こういう時はもっと最悪の時を思い出すんだ!そうすれば今の状況が楽に思えてくるはずだ!自分を奮い立たせながら「もっと悪い状況は?」と自転車を押しながら考え始めた。

まず寒くない、まだ雨だ、雪ではない。しかも手袋をしてないが手もかじかんでいない。靴の中も水を吹き出すほど濡れているが、まだ水だ、凍っていない。なんだ暖かいじゃないか。

【写真】雪に比べれば雨はスリップもしない。(写真はイメージ、チェコ)
【写真】雪に比べれば雨はスリップもしない。(写真はイメージ、チェコ)
 路面を見つめる。綺麗にアスファルトで舗装されている。なんだ未舗装のぐちゃぐちゃドロドロ道に比べれば走りやすいじゃないか。
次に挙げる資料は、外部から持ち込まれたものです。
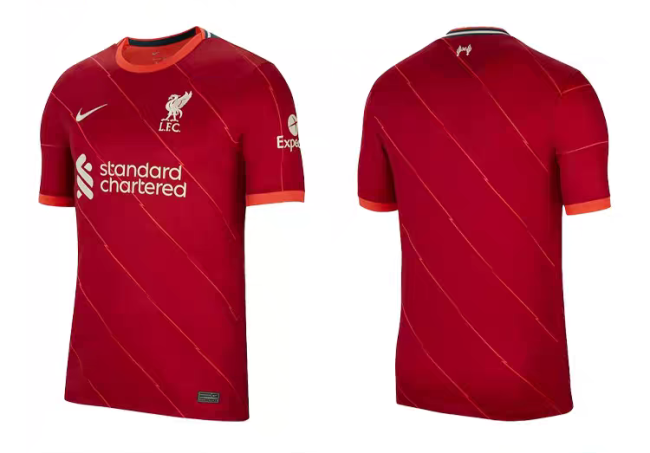 21-22 LIV Home Fans Soccer Jersey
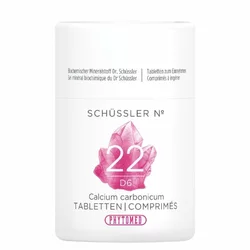 PHYTOMED Nr22 Calcium carbonicum Tablette 6 D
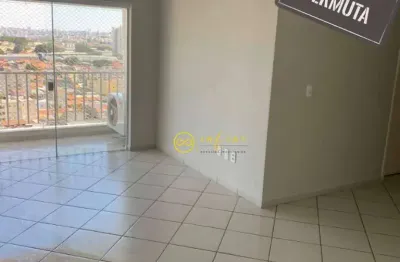 Apartamento com 3 quartos, sendo 1 suíte à venda, 85 m² por r$ 640.000 -  condomínio garden hill - jardim piratininga - sorocaba/sp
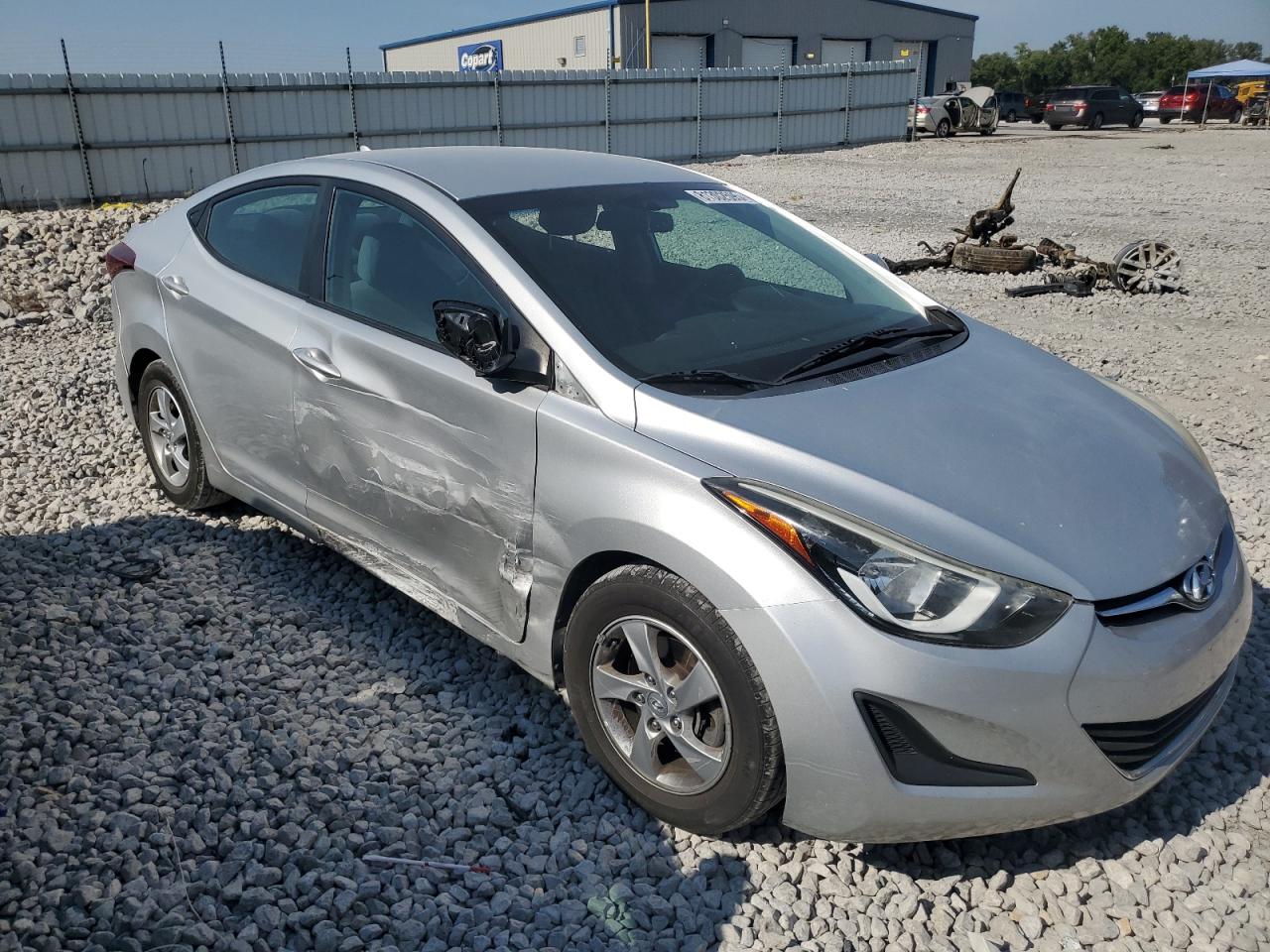 HYUNDAI ELANTRA SE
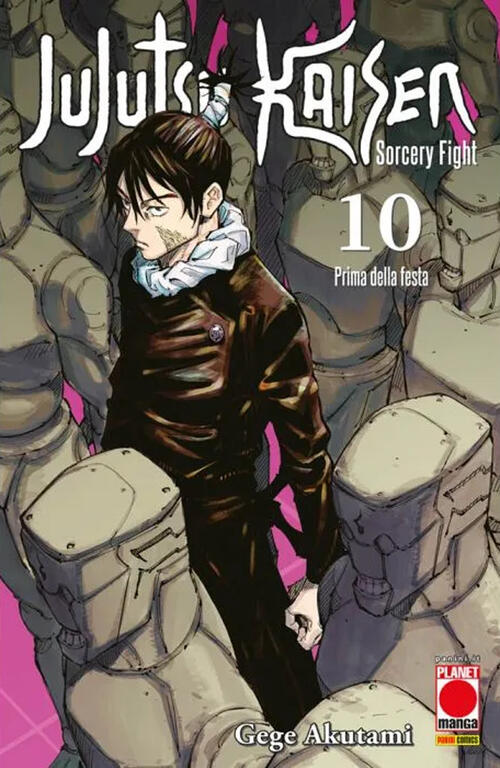 Jujutsu Kaisen. Sorcery Fight. Vol. 10: Prima Della Festa Gege Akutami Panini
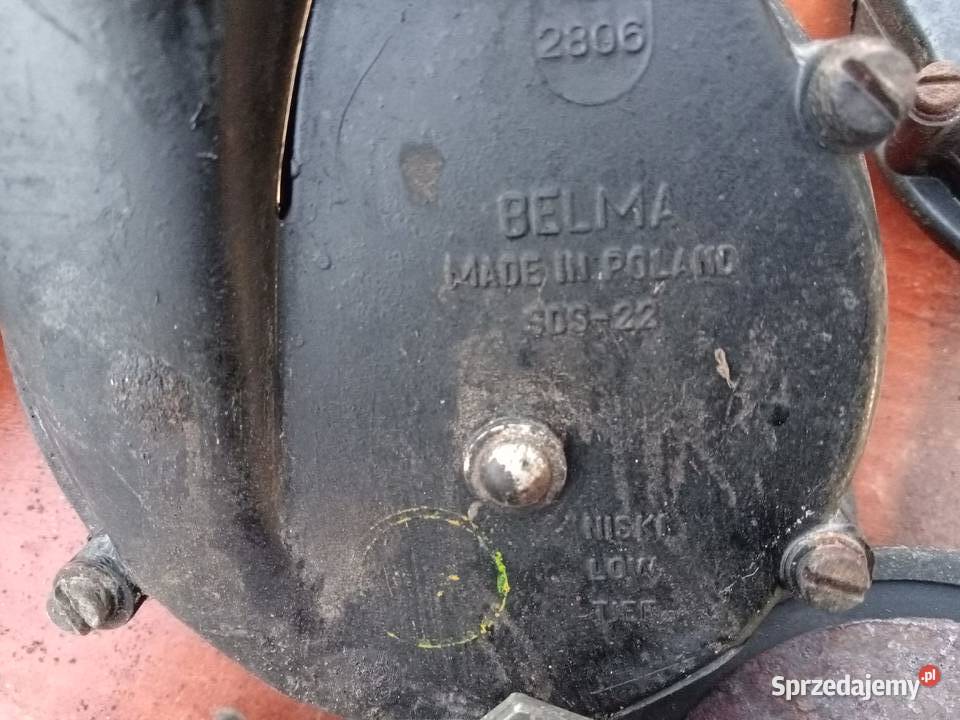 Fiat 125 Polonez sygnał klakson 12 V Caro Belma Stalowa Wola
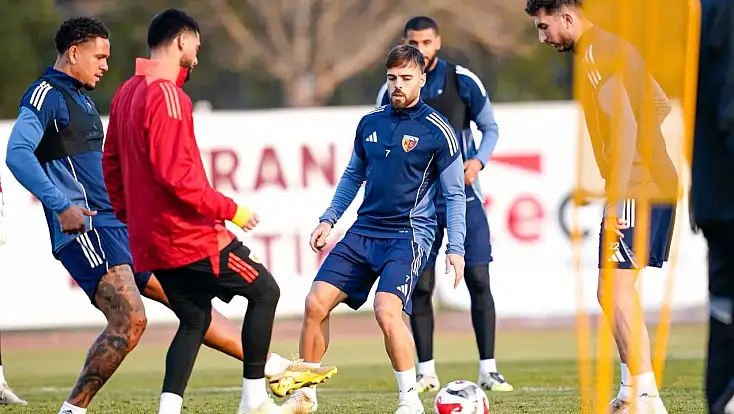 Rizespor maçı hazırlıkları başladı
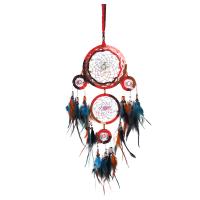 Мода Dreamcatcher, перья, с Железо, Висит, разноцветный, 730mm, продается PC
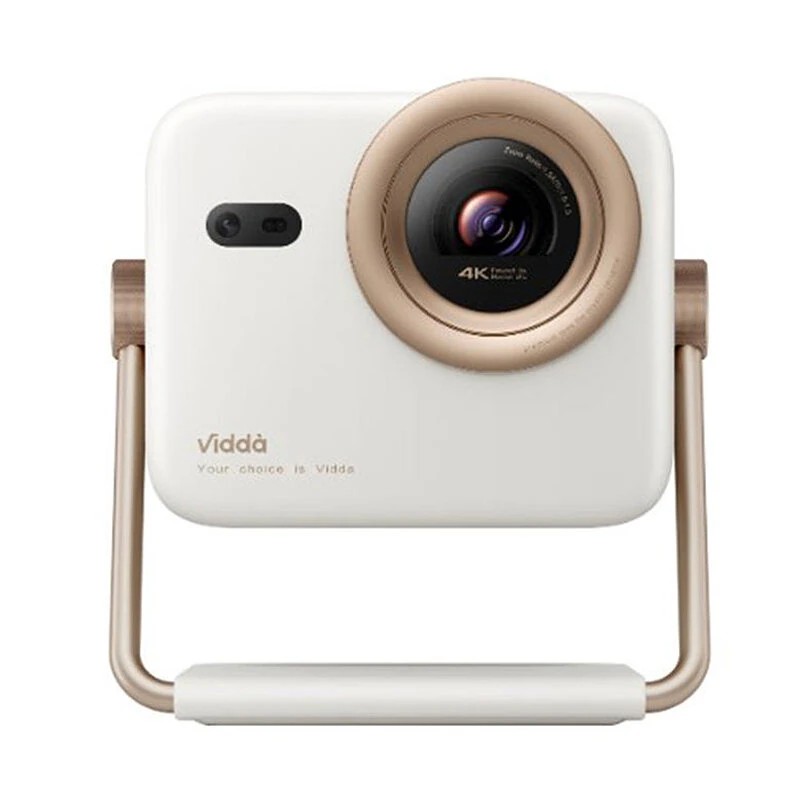 Vidda M2 Pro 4K kolmivärilaser kotiteatteriprojektori 1200 lumenia HDR10+ 3D Android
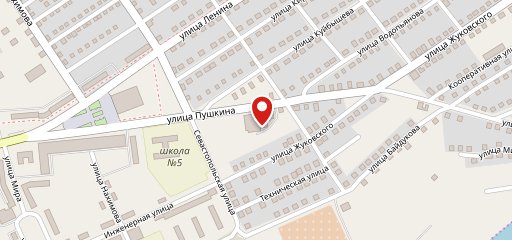 Чкаловский хлебокомбинат на карте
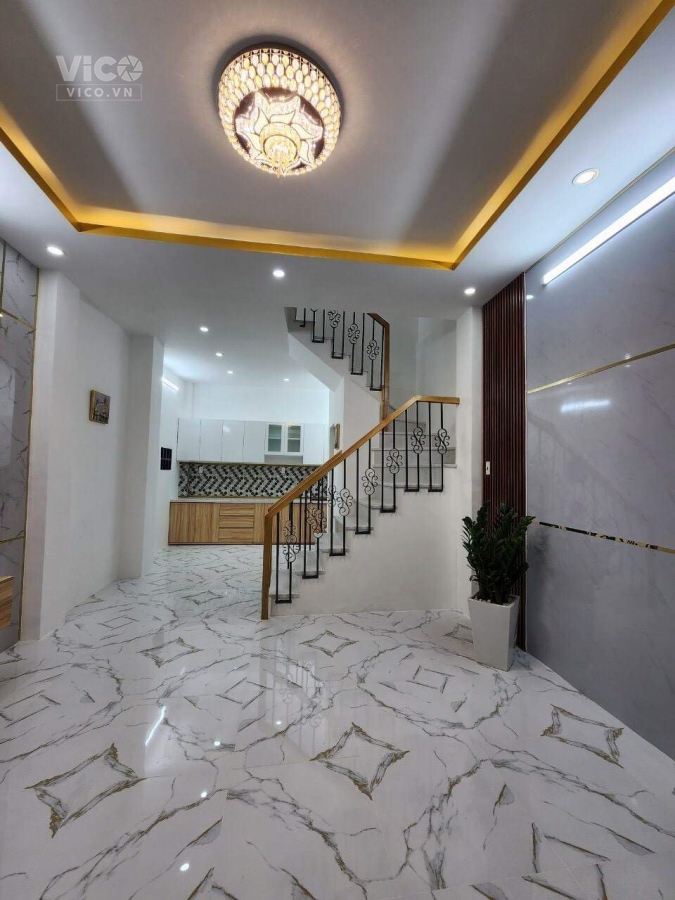 Nhà HXH Tân Chánh Hiệp,Q12 ,nhà mới nguyên 56M2 , 4 tầng 4PN chỉ 5Tỷ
【写真】未舗装の道に比べれば舗装路はだいぶよい。(写真はイメージ、カンボジア)
【写真】未舗装の道に比べれば舗装路はだいぶよい。(写真はイメージ、カンボジア)

 それにまだ明るい、暗闇でもない。山の合間で標高も1000mもない、何だ、何だ、たいしたことないじゃないか。などと無理やり自分を励ましながら進む。

こうしてどうにか日暮れ前に街に到着した。出会った地元の男性に「いやーしかしブーラが吹き荒れると大変だ」という話をすると「今日のはブーラじゃないんだ、ユーゴの方さ」はて、ユーゴとは?「ユーゴは南からやってくる風で、温暖、そして雨雲を連れてくるんだ。ほら、だから雨は降っても暖かかっただろう」。おおっ、言われて見れば確かにそうだ。ブーラは手がピリピリするほど冷たかったが、今日は大丈夫だった。「そしてなんと行っても南から来るから方角が違う」と男性は言う。

アドリア海沿いには二つの風が存在することが分かった。北のディナルアルプスから吹き降ろしの冷風ブーラ。もう1つは南からやってくる、湿度を含んだ暖かい風ユーゴ。
冷たい追い風か、暖かい向かい風か明日はどっちの風か。

【写真】ブーラかユーゴか、風の向きで進める距離が全く変わってくる。
【写真】ブーラかユーゴか、風の向きで進める距離が全く変わってくる。